## REQUIRED WORK
Your answer should be the full data, transcribed exactly, with no pictures in it.

## PROVIDED DATA

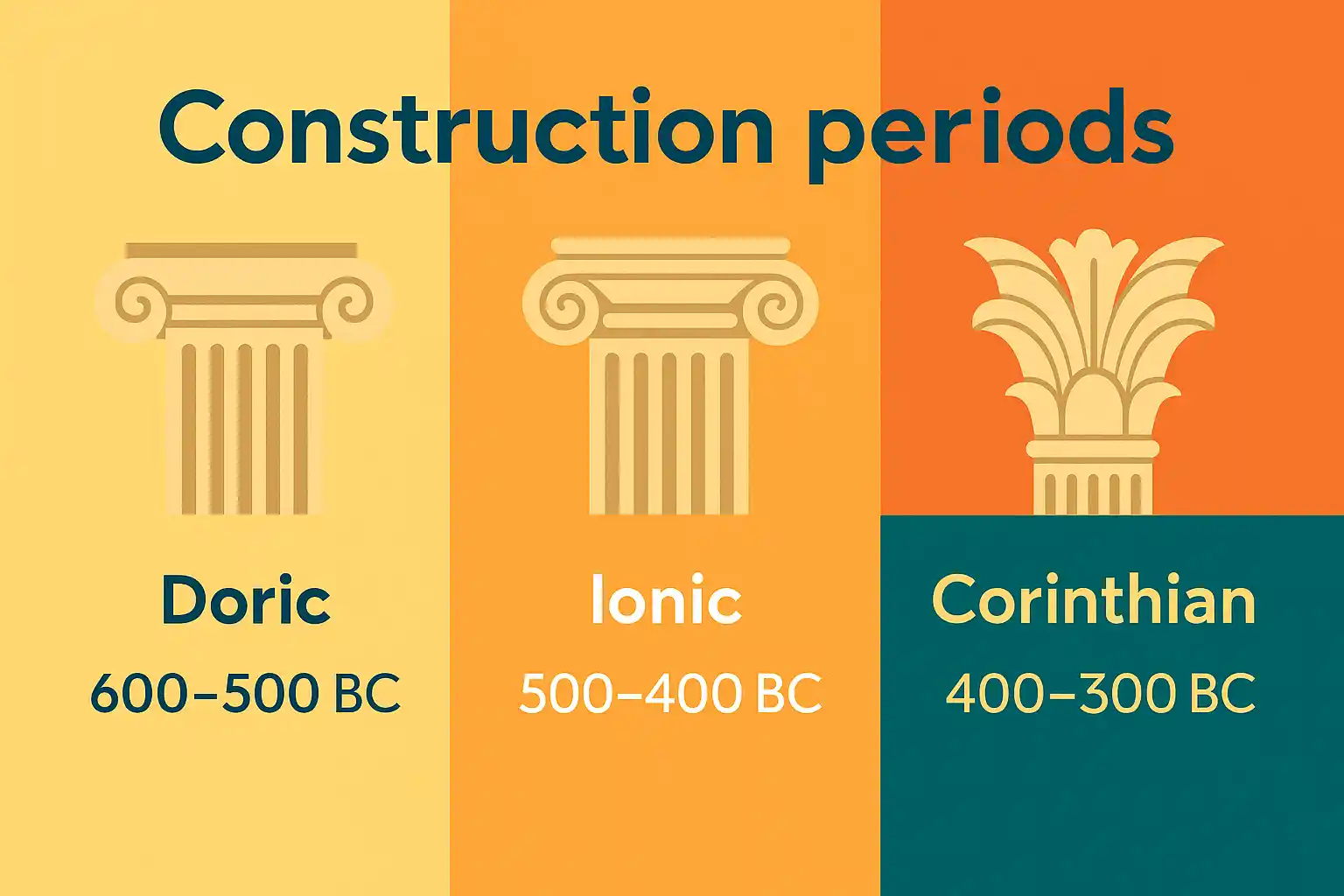 Colorful digital infographic timeline titled "Construction of Ancient Greek Temples" featuring key phases such as site selection, quarrying, column carving, and decorative sculpting, illustrated with vibrant icons and architectural motifs.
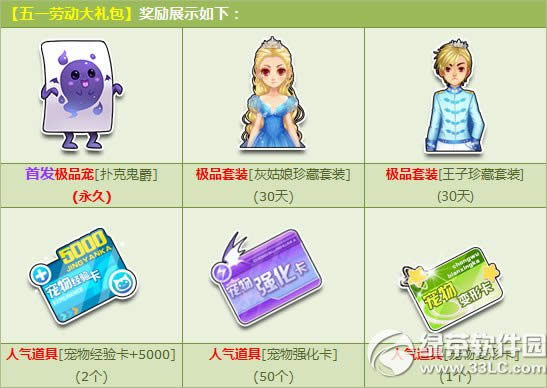 qq飞车5一劳动大礼包多少钱 5一劳动大礼包有什么奖励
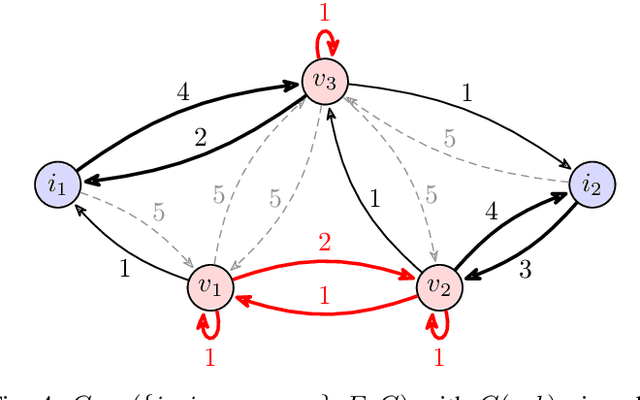 Figure 4 for Polynomial-Time Algorithms for Multi-Agent Minimal-Capacity Planning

## FINISHED EXERCISE
 Colorful digital infographic timeline titled "Construction of Ancient Greek Temples" featuring key phases such as site selection, quarrying, column carving, and decorative sculpting, illustrated with vibrant icons and architectural motifs.
 qq飞车5一劳动大礼包多少钱 5一劳动大礼包有什么奖励
 Figure 4 for Polynomial-Time Algorithms for Multi-Agent Minimal-Capacity Planning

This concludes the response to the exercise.